Privacy-first text anonymization tool with enterprise-grade accuracy for removing PII from documents
Project description
🕵️ Anon - Privacy-First Text Anonymizer
A powerful, offline-first text anonymization tool that removes personal identifiable information (PII) from text while keeping all data on your machine.

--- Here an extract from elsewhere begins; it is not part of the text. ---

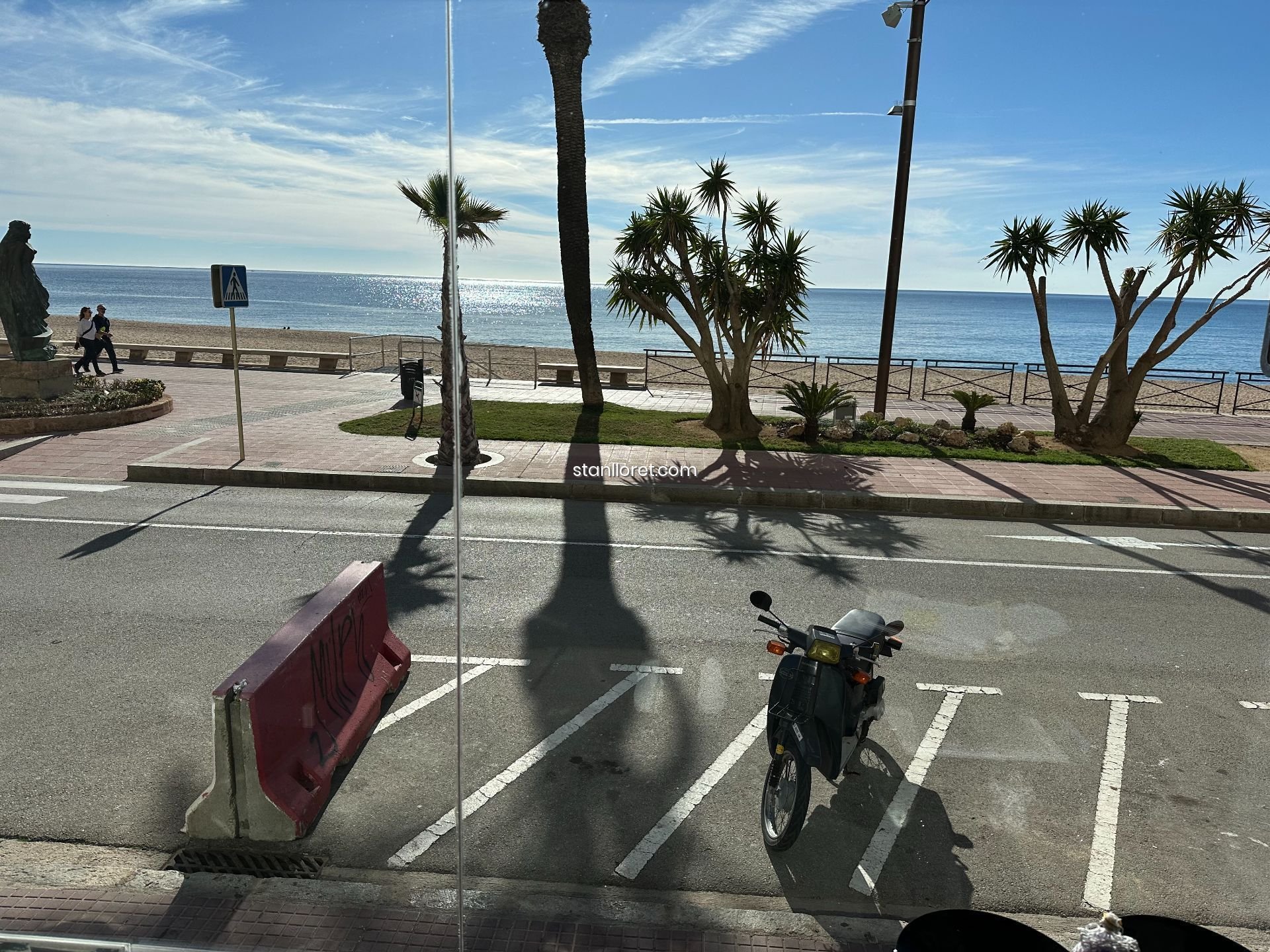 Commercial property in Lloret de Mar, Girona, Spain 236 sq.m. No. 104055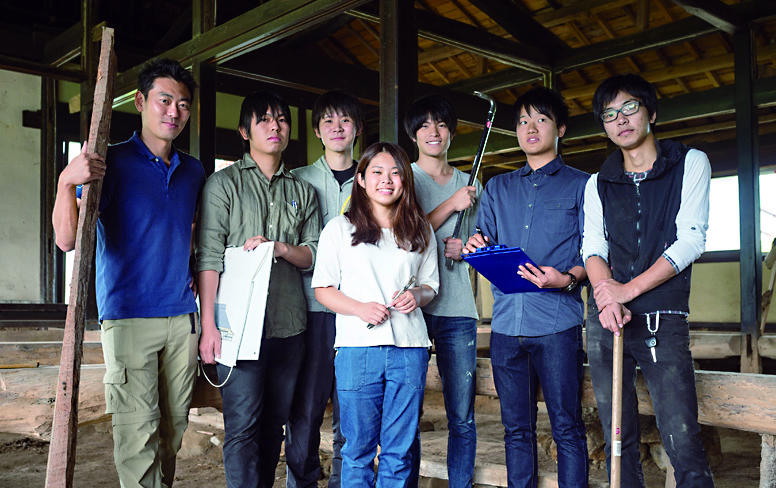 古民家で南イリノイ大学の学生と平和を語る  工学部生が異文化交流をサポート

Built with enterprise-grade accuracy using spaCy NER models and Microsoft Presidio.
✨ Features
- 🔒 100% Offline - All processing happens on your machine
- 🎯 High Accuracy - Advanced NER using spaCy large models + Presidio
- 🔐 Secure Always-Redact - Custom sensitive terms stored securely in
~/.anonymizer - 🖥️ Multiple Interfaces - Modern GUI, Web API, and CLI
- 🚀 Background Processing - CLIs run detached with proper logging
- 📦 Easy Installation - One-command install with automatic model setup
- 🏢 Cross-Platform - Windows, macOS, and Linux support
🚀 Quick Start
Installation
pip install simple-anonymizer
The installation will automatically download the required spaCy model (en_core_web_lg) for optimal accuracy.
GUI Application
Launch the modern GUI interface:
anon-gui
✅ The GUI runs in background - you can close the terminal after launch
📝 Logs available at ~/.anonymizer/gui_YYYYMMDD_HHMMSS.log
Web Interface
Start the web server:
anon-web start
✅ Server runs in background - accessible at http://127.0.0.1:8080
📝 Comprehensive logging and process management
Web Server Management
# Start server (custom host/port)
anon-web start --host 0.0.0.0 --port 5000
# Check server status
anon-web status
# View recent logs
anon-web logs
# Stop server
anon-web stop
# Clean old log files (preserves always-redact settings)
anon-web clean
Always-Redact Management
Securely manage custom sensitive terms that should always be anonymized:
# Add terms to always-redact list
anon-web add-redact "CompanyName"
anon-web add-redact "ProjectCodename"
# Remove terms from always-redact list
anon-web remove-redact "ProjectCodename"
# List all always-redacted terms
anon-web list-redact
🔐 Security Features:
- Terms stored securely in
~/.anonymizer/always_redact.txt - Not visible in GUI or web interfaces (add/remove only)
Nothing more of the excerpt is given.